I was five and a half years sober when I had my daughter. I was active in my recovery. I was married to another sober alcoholic. Overall, my life was pretty damned good and surprisingly stable. Then a familiar obsession started creeping back. Maybe I can have a drink. Maybe I’m not an alcoholic after all.
Maybe, just maybe…
Becoming a mother, not unlike getting sober, has brought me a sense of peace and an abundance of joy and gratitude I never knew were possible.
And being a mother, not unlike being sober, is at times really, really hard.
When I first got sober, before I felt the benefits, before I was able to see the miracles happening in my life, all I felt was a sense of loss. My identity had long been synonymous with alcohol, and I felt a profound loss of self. I was only 21, and I felt as though I was losing out on my youth; my right to drink.
I wanted the drinking lifestyle I had become accustomed to without the consequences but inherently knew that wasn’t going to work. Eventually, with time, work on myself, and an amazing support network, that sense of loss was replaced with a fullness of heart, self-worth, and hope that I had been missing through all those years of drinking.

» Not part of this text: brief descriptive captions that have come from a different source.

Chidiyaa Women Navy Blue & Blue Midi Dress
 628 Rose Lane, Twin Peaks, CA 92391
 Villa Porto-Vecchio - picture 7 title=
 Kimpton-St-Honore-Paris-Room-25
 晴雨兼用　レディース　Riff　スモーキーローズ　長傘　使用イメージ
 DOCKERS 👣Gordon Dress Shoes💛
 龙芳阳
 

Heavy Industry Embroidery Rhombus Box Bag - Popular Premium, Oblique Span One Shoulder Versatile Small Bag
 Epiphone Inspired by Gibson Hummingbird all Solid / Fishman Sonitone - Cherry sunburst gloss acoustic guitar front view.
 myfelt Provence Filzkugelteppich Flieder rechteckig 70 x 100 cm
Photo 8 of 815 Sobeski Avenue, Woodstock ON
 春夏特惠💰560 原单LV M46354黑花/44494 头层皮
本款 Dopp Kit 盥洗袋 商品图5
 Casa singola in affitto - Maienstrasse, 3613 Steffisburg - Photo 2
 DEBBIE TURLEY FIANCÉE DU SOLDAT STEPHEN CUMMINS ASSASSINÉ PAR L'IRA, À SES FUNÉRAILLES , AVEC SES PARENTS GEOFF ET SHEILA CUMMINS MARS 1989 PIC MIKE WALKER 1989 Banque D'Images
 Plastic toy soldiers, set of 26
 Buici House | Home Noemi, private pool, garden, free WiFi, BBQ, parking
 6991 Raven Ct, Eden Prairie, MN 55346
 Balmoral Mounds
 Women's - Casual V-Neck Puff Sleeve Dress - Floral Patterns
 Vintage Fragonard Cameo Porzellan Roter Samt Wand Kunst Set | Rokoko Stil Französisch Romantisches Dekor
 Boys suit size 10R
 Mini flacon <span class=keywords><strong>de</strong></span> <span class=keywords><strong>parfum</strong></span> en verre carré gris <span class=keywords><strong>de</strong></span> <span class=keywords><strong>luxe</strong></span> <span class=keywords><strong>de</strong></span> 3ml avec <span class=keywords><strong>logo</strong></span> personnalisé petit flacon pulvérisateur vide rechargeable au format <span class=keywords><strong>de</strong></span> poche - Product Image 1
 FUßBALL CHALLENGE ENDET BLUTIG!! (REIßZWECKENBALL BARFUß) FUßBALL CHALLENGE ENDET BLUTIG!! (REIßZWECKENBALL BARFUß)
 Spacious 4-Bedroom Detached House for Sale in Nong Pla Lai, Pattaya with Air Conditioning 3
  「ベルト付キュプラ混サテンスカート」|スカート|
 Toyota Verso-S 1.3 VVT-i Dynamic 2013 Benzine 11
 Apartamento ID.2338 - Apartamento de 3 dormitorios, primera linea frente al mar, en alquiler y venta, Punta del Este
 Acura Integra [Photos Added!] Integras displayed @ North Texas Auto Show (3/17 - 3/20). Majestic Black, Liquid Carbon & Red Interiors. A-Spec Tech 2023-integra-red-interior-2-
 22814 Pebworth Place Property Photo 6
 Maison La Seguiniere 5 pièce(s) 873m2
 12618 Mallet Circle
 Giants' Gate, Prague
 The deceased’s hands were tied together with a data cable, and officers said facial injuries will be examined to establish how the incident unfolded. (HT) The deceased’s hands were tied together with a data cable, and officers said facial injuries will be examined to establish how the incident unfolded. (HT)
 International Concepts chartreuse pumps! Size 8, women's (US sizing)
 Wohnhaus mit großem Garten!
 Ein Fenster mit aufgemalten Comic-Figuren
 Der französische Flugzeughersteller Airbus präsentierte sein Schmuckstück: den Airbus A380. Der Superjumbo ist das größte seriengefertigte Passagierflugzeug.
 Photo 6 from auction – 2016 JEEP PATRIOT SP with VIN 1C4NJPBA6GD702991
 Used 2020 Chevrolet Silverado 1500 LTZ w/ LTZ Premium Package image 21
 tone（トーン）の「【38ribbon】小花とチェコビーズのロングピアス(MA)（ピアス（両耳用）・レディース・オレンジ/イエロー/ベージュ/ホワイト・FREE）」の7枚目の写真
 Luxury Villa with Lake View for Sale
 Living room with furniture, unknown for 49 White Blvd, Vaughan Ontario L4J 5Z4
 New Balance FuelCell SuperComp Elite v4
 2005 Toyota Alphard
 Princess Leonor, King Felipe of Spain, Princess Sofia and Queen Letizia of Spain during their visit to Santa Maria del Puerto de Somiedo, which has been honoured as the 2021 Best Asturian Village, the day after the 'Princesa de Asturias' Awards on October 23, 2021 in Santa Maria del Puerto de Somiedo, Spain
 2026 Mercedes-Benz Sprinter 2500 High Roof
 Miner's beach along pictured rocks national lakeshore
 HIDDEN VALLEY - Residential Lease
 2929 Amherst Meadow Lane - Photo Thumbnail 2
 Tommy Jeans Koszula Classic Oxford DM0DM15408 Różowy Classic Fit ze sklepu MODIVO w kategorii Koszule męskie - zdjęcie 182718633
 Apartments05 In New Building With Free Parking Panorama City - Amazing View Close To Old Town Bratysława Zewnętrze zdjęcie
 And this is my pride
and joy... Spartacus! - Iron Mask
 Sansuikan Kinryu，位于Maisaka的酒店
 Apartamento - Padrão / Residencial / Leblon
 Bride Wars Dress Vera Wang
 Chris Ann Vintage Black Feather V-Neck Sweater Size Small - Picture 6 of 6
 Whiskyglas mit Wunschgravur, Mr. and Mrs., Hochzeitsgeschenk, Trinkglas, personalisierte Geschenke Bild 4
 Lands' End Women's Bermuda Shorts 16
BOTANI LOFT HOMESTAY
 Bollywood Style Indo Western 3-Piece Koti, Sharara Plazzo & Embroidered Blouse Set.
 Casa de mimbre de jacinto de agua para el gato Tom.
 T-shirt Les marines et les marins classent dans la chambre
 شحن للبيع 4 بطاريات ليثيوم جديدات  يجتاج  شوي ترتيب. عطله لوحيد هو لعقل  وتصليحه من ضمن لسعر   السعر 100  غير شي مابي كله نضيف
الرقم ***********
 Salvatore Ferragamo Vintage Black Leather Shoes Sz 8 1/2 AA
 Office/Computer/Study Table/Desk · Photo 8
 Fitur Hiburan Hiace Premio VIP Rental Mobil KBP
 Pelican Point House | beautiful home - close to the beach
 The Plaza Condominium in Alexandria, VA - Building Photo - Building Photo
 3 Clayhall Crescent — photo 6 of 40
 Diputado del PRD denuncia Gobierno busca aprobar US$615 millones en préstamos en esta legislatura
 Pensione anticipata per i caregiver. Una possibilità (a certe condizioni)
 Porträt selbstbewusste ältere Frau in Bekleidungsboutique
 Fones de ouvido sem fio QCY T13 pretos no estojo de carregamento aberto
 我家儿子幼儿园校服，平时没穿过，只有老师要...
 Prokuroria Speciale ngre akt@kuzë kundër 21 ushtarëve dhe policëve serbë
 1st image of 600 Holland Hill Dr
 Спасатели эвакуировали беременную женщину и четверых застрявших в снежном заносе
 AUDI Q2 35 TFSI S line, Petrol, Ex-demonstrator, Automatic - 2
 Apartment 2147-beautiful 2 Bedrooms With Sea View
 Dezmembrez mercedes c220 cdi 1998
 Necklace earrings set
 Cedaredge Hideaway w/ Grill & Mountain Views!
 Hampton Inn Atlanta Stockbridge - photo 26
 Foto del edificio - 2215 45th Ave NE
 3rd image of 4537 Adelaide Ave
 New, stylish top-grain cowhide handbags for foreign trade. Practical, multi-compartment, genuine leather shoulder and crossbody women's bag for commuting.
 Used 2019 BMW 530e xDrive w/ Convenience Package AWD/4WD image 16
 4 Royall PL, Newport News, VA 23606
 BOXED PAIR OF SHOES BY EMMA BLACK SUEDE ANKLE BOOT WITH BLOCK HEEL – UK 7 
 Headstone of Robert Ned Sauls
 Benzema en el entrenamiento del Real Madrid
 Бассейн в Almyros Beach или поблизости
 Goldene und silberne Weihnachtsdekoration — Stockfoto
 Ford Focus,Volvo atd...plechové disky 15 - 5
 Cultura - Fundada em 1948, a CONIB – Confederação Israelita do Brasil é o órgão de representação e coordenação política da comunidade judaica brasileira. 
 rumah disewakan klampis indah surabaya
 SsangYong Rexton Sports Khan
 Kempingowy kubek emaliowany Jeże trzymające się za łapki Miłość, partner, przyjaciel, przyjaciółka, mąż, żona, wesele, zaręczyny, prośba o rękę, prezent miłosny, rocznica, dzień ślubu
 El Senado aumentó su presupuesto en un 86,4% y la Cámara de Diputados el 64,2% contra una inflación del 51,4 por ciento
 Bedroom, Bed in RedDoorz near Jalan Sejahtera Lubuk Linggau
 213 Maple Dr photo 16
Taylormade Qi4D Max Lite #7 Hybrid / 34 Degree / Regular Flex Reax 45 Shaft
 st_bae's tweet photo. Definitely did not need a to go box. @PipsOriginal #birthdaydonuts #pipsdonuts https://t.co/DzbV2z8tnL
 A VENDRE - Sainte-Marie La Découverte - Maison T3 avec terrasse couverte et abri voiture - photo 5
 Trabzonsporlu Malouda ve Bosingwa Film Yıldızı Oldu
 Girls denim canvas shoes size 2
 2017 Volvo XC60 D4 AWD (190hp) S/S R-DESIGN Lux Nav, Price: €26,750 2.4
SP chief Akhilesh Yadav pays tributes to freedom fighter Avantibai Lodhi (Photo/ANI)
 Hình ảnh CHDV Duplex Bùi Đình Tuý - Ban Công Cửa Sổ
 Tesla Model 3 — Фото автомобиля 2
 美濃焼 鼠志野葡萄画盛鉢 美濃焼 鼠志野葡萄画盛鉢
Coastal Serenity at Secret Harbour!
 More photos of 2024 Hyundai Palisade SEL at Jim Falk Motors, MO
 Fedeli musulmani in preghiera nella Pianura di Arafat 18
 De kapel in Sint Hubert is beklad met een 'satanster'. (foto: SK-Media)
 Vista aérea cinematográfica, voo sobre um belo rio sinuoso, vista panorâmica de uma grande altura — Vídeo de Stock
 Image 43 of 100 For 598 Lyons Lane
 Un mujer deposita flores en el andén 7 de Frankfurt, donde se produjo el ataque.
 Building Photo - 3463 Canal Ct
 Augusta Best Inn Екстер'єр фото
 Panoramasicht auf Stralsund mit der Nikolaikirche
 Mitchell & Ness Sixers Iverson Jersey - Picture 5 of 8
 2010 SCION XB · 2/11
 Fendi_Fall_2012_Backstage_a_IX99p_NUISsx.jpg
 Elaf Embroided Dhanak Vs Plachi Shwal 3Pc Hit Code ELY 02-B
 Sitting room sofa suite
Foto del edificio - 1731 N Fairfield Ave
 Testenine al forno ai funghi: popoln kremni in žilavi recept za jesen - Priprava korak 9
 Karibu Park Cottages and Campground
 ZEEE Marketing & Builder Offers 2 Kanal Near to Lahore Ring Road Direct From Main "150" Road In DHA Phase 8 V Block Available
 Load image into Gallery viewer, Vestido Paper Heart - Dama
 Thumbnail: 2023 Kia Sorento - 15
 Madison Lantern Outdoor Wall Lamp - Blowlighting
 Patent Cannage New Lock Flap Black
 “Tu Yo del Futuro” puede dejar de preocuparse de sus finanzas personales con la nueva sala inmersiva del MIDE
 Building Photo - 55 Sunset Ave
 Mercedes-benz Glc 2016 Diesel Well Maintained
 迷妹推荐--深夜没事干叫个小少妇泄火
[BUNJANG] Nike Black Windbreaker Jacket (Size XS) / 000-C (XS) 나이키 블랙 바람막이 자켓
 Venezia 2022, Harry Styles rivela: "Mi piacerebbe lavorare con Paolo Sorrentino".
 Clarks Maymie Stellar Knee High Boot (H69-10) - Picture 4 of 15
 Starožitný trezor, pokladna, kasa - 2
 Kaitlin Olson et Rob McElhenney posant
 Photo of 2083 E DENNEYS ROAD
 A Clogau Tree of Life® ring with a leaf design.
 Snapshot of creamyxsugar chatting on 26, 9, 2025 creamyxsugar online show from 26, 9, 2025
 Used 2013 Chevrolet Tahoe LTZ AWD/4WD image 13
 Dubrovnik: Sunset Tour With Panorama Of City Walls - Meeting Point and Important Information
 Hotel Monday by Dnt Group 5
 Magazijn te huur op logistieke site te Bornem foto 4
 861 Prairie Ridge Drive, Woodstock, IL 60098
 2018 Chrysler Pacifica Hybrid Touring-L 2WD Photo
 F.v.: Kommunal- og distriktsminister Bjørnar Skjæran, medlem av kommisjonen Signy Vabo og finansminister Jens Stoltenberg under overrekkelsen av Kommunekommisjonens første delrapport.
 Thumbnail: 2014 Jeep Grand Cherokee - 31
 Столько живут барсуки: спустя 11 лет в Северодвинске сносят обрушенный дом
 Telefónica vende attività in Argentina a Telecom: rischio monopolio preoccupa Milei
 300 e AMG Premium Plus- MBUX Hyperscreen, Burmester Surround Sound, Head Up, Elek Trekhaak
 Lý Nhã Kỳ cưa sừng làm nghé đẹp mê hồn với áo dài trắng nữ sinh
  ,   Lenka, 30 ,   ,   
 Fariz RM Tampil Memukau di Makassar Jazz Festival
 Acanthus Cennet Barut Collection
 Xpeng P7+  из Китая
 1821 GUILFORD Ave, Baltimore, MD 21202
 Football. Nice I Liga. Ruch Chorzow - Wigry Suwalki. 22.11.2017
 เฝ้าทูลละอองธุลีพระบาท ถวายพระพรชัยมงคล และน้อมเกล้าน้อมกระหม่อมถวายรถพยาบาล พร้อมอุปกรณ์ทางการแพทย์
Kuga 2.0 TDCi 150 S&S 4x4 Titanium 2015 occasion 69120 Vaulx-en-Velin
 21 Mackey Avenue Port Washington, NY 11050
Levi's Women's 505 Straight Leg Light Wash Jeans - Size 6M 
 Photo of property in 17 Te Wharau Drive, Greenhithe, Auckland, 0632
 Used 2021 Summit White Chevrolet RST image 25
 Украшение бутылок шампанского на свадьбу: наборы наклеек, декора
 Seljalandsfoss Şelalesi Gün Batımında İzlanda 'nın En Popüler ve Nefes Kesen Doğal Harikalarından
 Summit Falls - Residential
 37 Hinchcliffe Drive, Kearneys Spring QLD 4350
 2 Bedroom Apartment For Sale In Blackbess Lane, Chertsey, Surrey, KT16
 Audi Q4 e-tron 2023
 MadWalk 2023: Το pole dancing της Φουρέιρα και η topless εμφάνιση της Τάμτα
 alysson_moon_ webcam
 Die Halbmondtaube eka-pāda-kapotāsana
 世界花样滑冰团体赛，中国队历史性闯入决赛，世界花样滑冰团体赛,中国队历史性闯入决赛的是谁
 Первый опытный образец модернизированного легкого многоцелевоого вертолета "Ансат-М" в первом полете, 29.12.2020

When I became a mother, the sense of loss returned. Gone was my independence, my free time, my ability to make plans at a moments notice. I suddenly felt incredibly tied-down, isolated, and even bitter. I was torn up about these feelings, because I knew 100% in my heart that I wanted to be a mom, I wanted that little baby girl more than I had ever wanted anything in the world, but I didn’t want the mom lifestyle.
And then I wanted to drink.
I have become comfortable with the idea that, as a recovering alcoholic, there will always be times I want to drink. I had thought, however, that the obsession over a drink had been removed. For a long time, it was.
Motherhood brought it back…with a vengeance.
Because here’s the thing: in my alcoholic mind, it was ok to want a drink, but God forbid I want, even for a second, to not be a mother anymore. What kind of mother would I be if I thought such a thing? What would people think of me if I voiced that out loud? And so, instead of recognizing what I was really mourning—the loss of my independence as a non-parent—I reverted to an old familiar loss, the loss of my friend, Booze.
Thankfully, I never did have to pick up a drink, but it wasn’t easy; sometimes it’s still not. I know the rewards of sobriety and they vastly outweigh the rewards of drinking. It took me time to adjust to sobriety, and it has taken me time to adjust to motherhood.
In many ways, sobriety and motherhood aren’t all that different: there is a steep learning curve at the beginning that can make for some rough waters, and there are always days that are harder than others. And there is strength in numbers. I am better at being sober and better at being a mom when I surround myself with people who are doing those things too. And most importantly, like sobriety, the rewards of motherhood vastly outweigh the rewards of independence.